Though there are no hard and fast rules on how enterprises can plan and deploy their datacentres, there is enough documentation and experience available in the Middle East, and externally, to help any organisation on its path to setting up an efficient and cost-effective datacentre.

The only thing it needs to do is actually pay attention and put in some effort.

Some best practices for datacentres

1. Plug holes in the raised floor

Most raised-floor environments have cable holes, conduit holes and other breaches that allow cold air to escape and mix with hot air.
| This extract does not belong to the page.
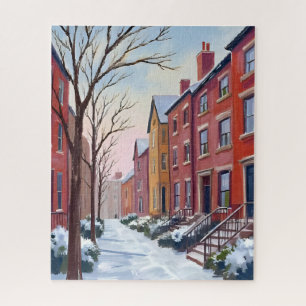 Stads Sneeuwval Winter Watercolor Schilderij Legpuzzel
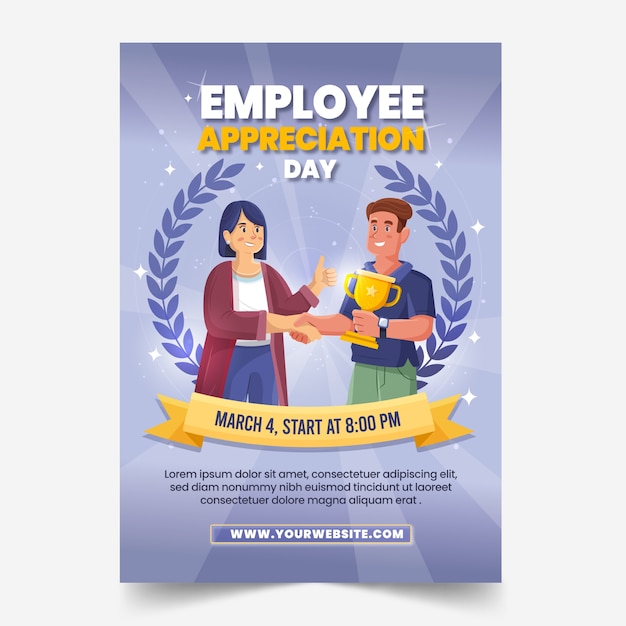 Free vector flat employee appreciation day vertical poster template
This single low-tech retrofit can save as much as 10% of the energy used for datacentre cooling.

2. Install blanking panels

When the panels are used effectively, supply air temperatures are lowered by as much as 22°F (5.6°C), greatly reducing the electricity consumed by fans in the IT equipment, and alleviating hot spots in the datacentre.

3. Co-ordinate CRAC units

Older computer room air-conditioning units (CRACs) operate independently in cooling and dehumidifying the air. These units should be tied together with newer technologies so efforts are co-ordinated.

4. Improve underfloor airflow

Older datacentres typically have constrained space underneath the raised floor that is not only used for the distribution of cold air, but also has served as a place for data cables and power cables. Many old datacentres have accumulated such a tangle of these cables that airflow is restricted, so the underfloor should be cleaned out to improve airflow.

5. Implement hot aisles and cold aisles

Newer rack layout practices instituted in the past ten years demonstrate that organising rows into hot aisles and cold aisles is better at controlling the flow of air in the datacentre.

6. Install sensors

A small number of individual sensors can be placed in areas where temperature problems are suspected.

7. Implement cold-aisle or hot-aisle containment

Once a datacentre has been organised around hot aisles and cold aisles, dramatically improved separation of cold air supply and hot exhaust air through containment becomes an option.

8. Raise the temperature in the datacentre

Many datacentres are run colder than an efficient standard. The American Society of Heating, Refrigerating, and Air-Conditioning Engineers (ASHRAE) has increased the top end of allowable supply-side air temperatures from 77°F (25°C) to 80°F (26.7°C). Not all datacentres should be run at the top end of this temperature range, but a step-by-step increase, even to the 75°F (23.9°C) to 76°F (24.4°C) range, would have a beneficial effect on datacentre electrical use.

9. Install variable speed fans and pumps

Traditional CRAC units contain fans that run at a single speed. Emerging best practice suggests variable speed fans be used whenever possible. A reduction of 10% in fan speed yields a reduction in the fan's electrical use of around 27%. A 20% speed reduction yields electrical savings of around 49%.

10. Exploit "free cooling"

"Free cooling" is the general name given to any technique that cools air without the use of chillers or refrigeration units. The amount of free cooling available depends on the local climate, and ranges from approximately 100 hours per year to more than 8,000 hours per year.

11. Design datacentres using modular cooling

Traditional raised-floor-perimeter air distribution systems have long been the method used to cool datacentres. However, mounting evidence strongly points to the use of modular cooling (in-row or in-rack) as more energy-efficient.